§ **HOW TO COMPLETE THIS TASK**
Every line from the one containing "Questions 1 and" to the end of the data below should be copied exactly, but pictures should not.

[Image-caption web data]

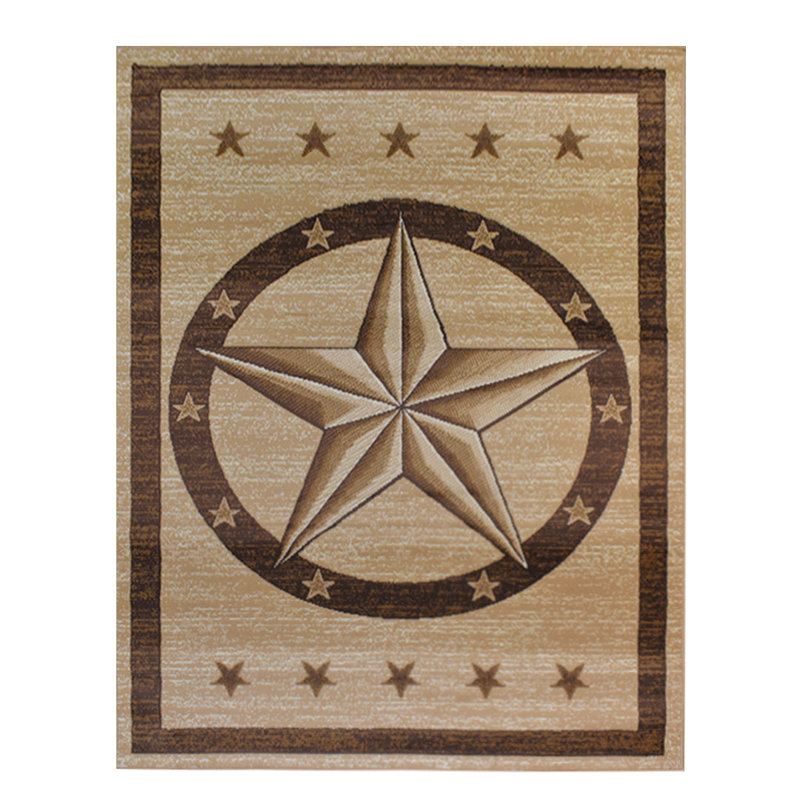 Tapis Aaleeyah Western | Design médaillon étoile solitaire | Polypropylène | Tapis décoratif d'intérieur, Beige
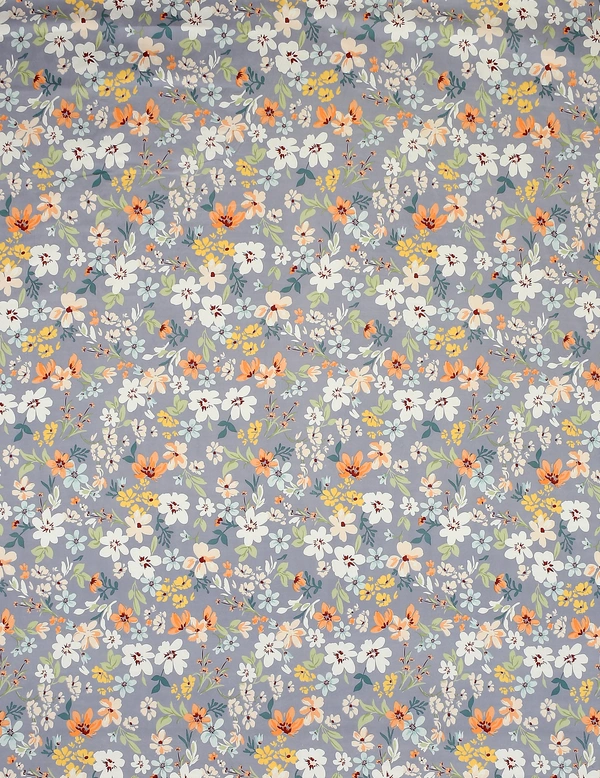 MORADO Glace Cotton King Size Bedsheet with 2 Pillow Covers with Frill (108x108, Inches) - 108x108 Inches, Grey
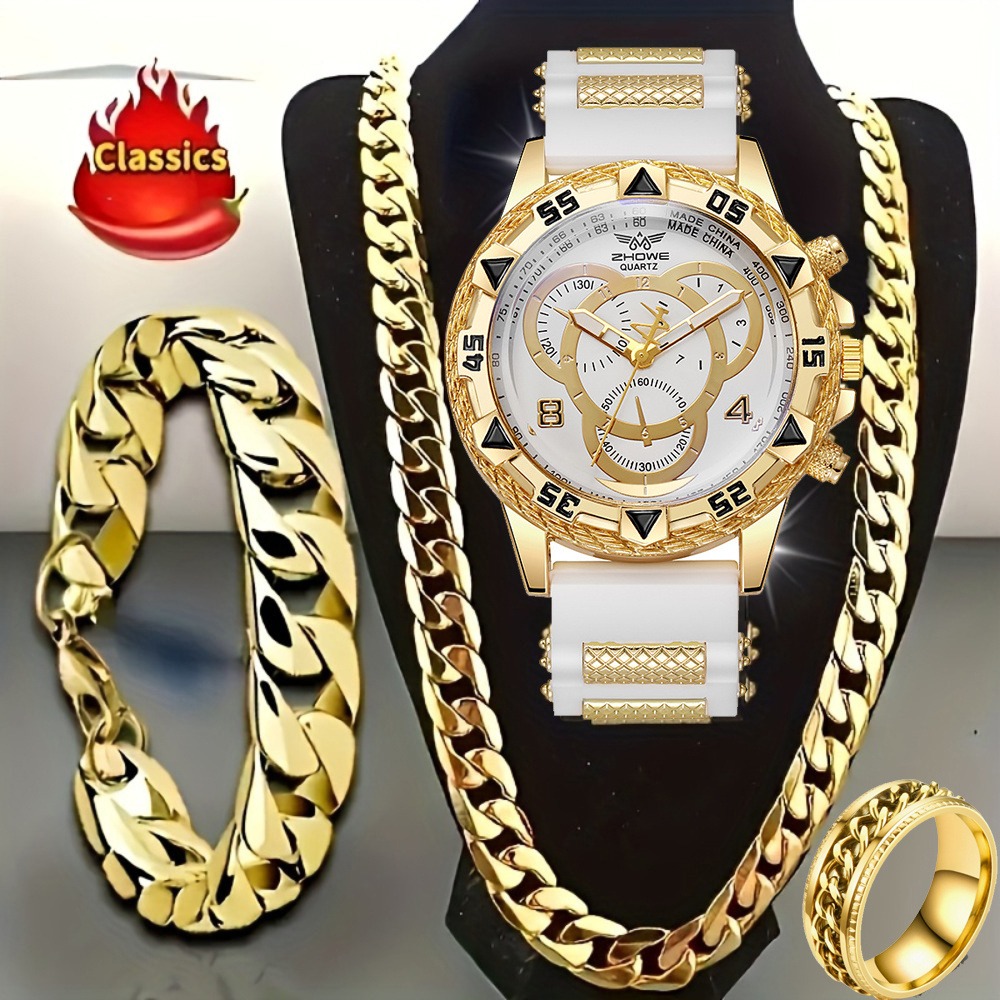 4‑Piece Luxury Men’s Watch and - Jewelry Type Watches recension och pris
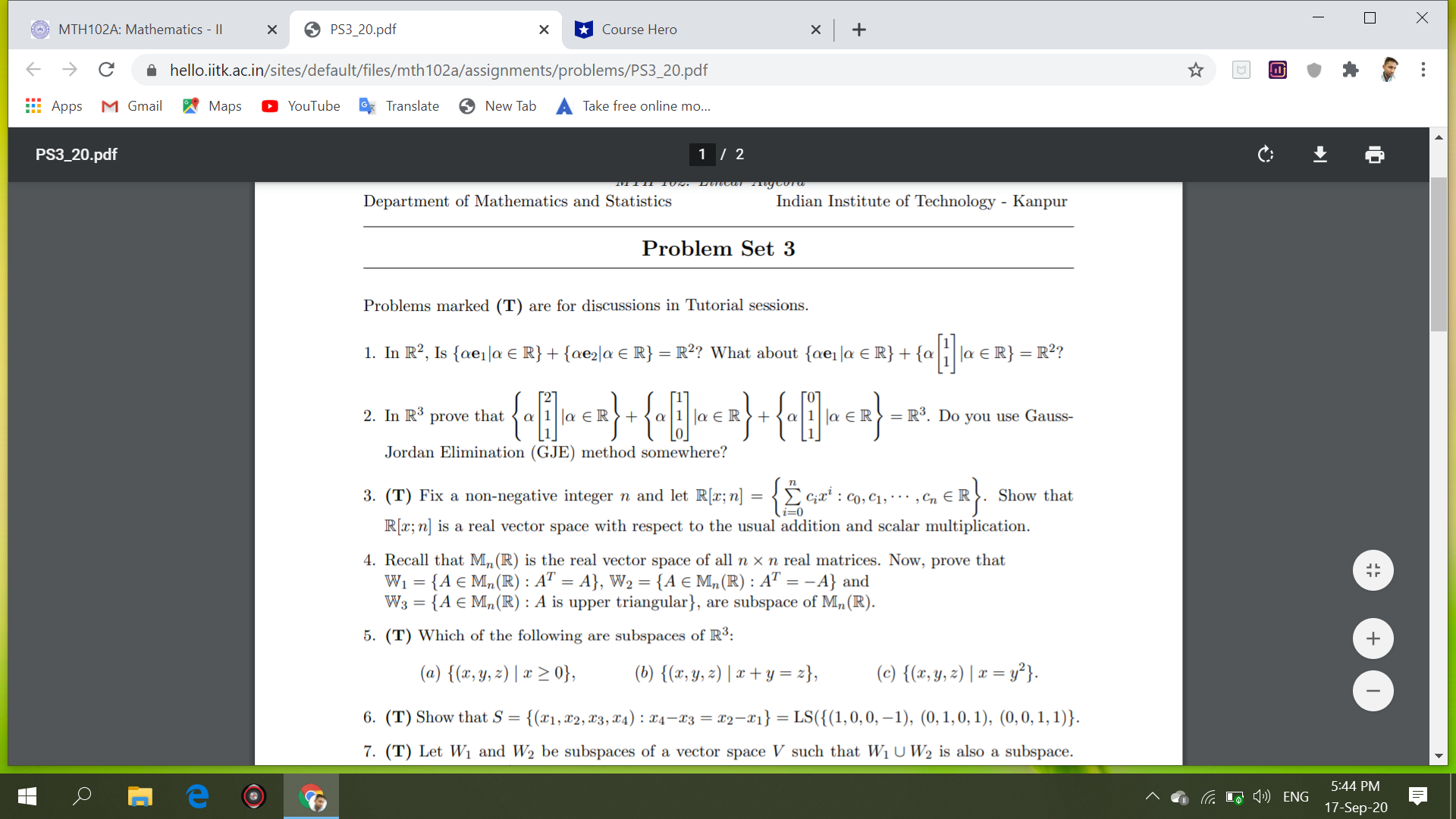 Questions 1 and 2 MTH102A: Mathematics - II X 5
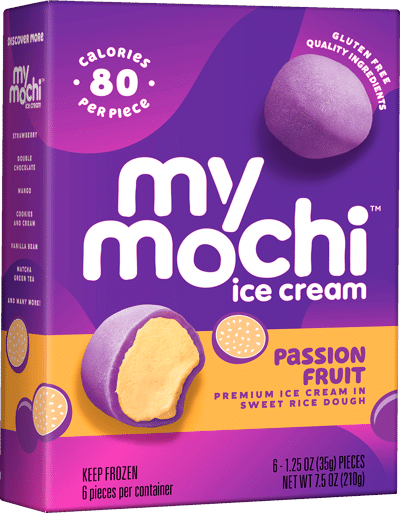 MyMochi Passionfruit Mochi Ice Cream is a tropical twist on a chewy mochi shell filled with creamy passionfruit ice cream, blending bold flavor with a multi-sensory texture.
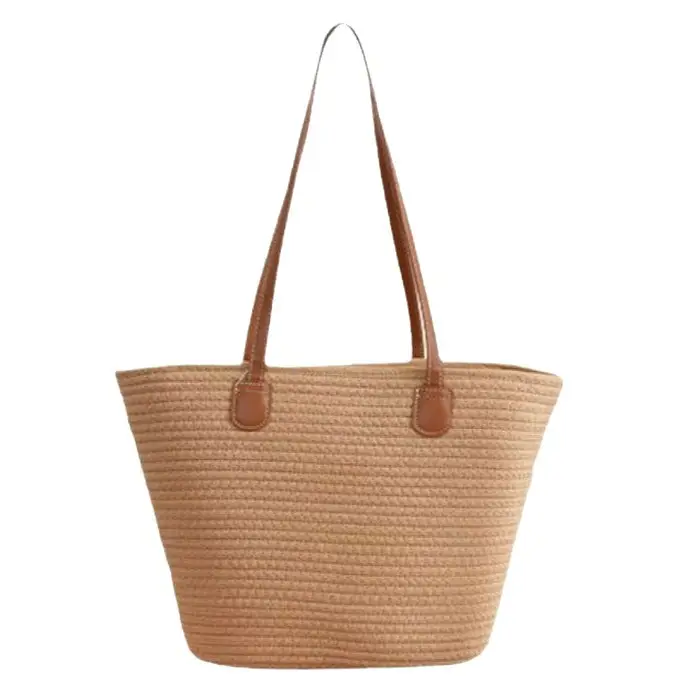 Women's Cotton Rope Straw Tote Bag Large Capacity Beach Travel - Image 13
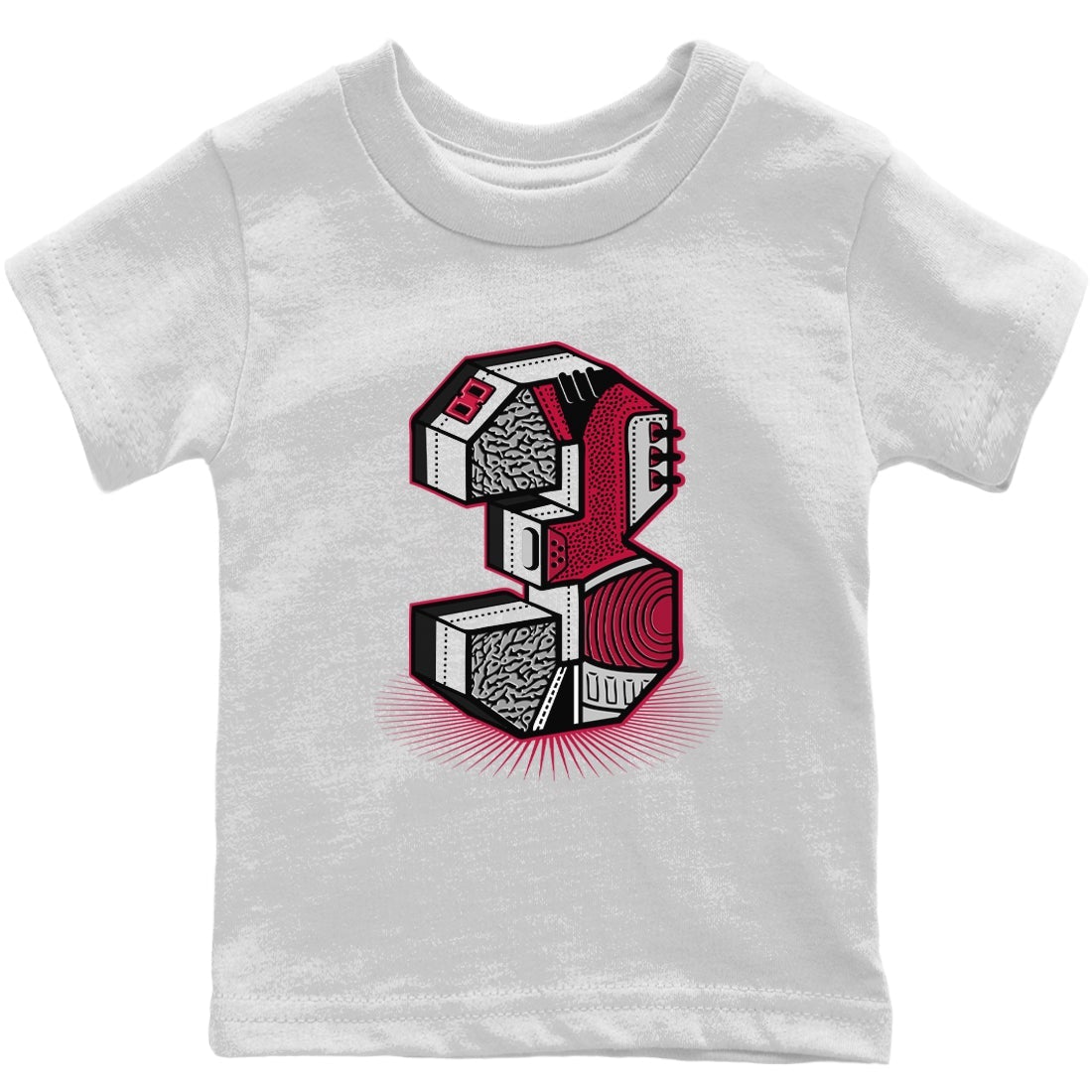 Jordan 3 Cardinal Sneaker Matching T-Shirt Three Statue Sneaker Tees Jordan 3 Cardinal Sneaker Release Tees Kids Shirts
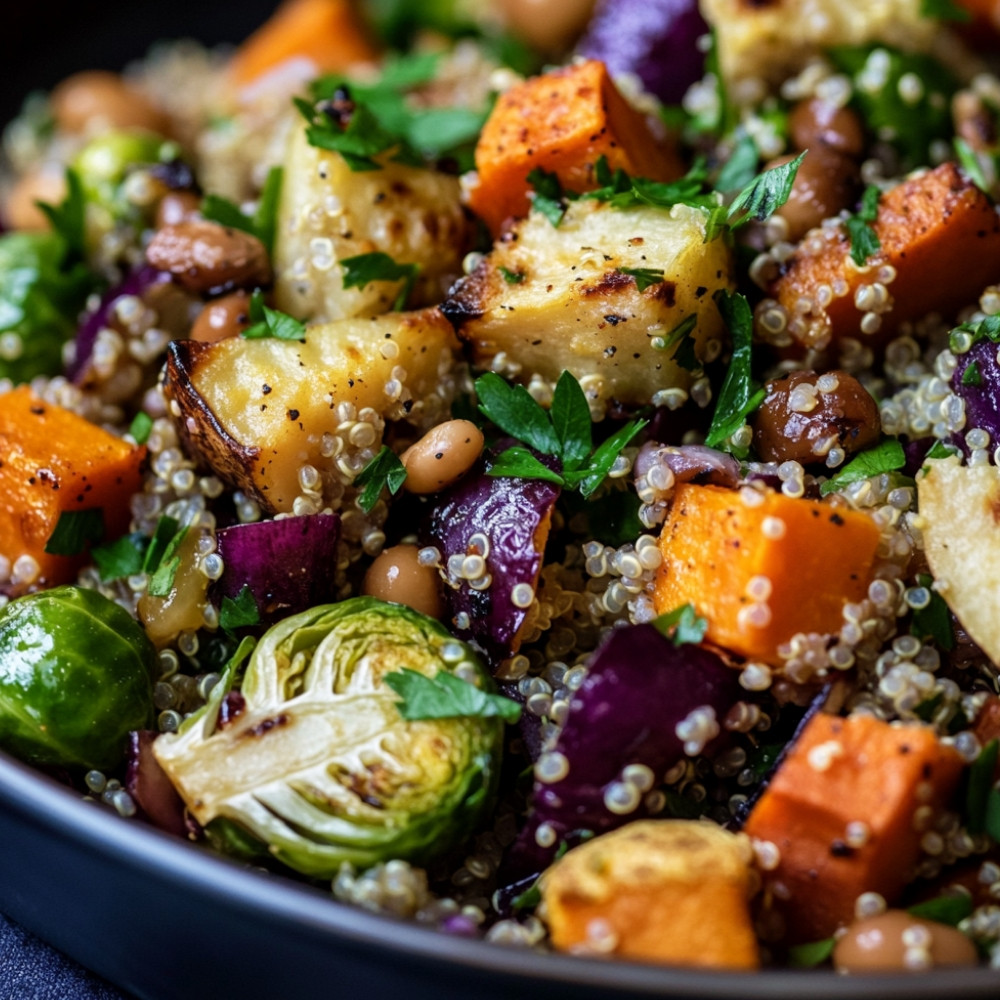 Salada de Quinoa com Legumes Assados ao Molho de Mel e Mostarda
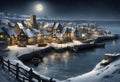 fantasy medieval seaside town in winter at night with ancient buildings covered in snow and a full moon with stars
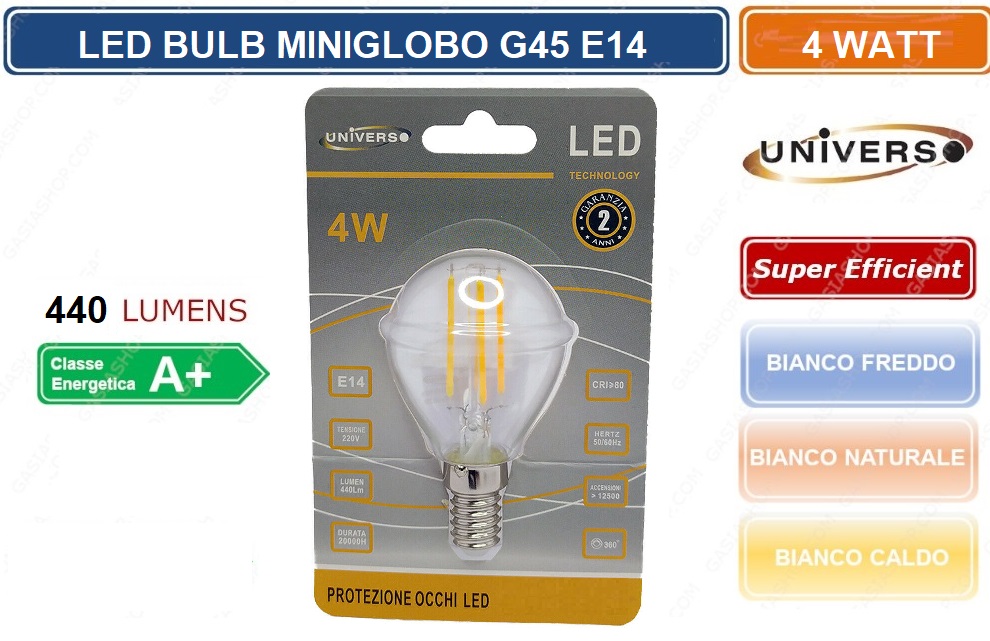 Lampadina Led E14 4W miniglobo G45 luce calda Spectrum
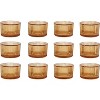 Attop Glass Tealight Candle Holders Set of 12, Cute Votive Candle Holder for Table Centerpieces (2.2'' x 1.4'', Amber) - 2 of 4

§ **SOLUTION FOR THIS PROBLEM**
 Questions 1 and 2 MTH102A: Mathematics - II X 5
 MyMochi Passionfruit Mochi Ice Cream is a tropical twist on a chewy mochi shell filled with creamy passionfruit ice cream, blending bold flavor with a multi-sensory texture.
 Women's Cotton Rope Straw Tote Bag Large Capacity Beach Travel - Image 13
 Jordan 3 Cardinal Sneaker Matching T-Shirt Three Statue Sneaker Tees Jordan 3 Cardinal Sneaker Release Tees Kids Shirts
 Salada de Quinoa com Legumes Assados ao Molho de Mel e Mostarda
 fantasy medieval seaside town in winter at night with ancient buildings covered in snow and a full moon with stars
 Lampadina Led E14 4W miniglobo G45 luce calda Spectrum
 Attop Glass Tealight Candle Holders Set of 12, Cute Votive Candle Holder for Table Centerpieces (2.2'' x 1.4'', Amber) - 2 of 4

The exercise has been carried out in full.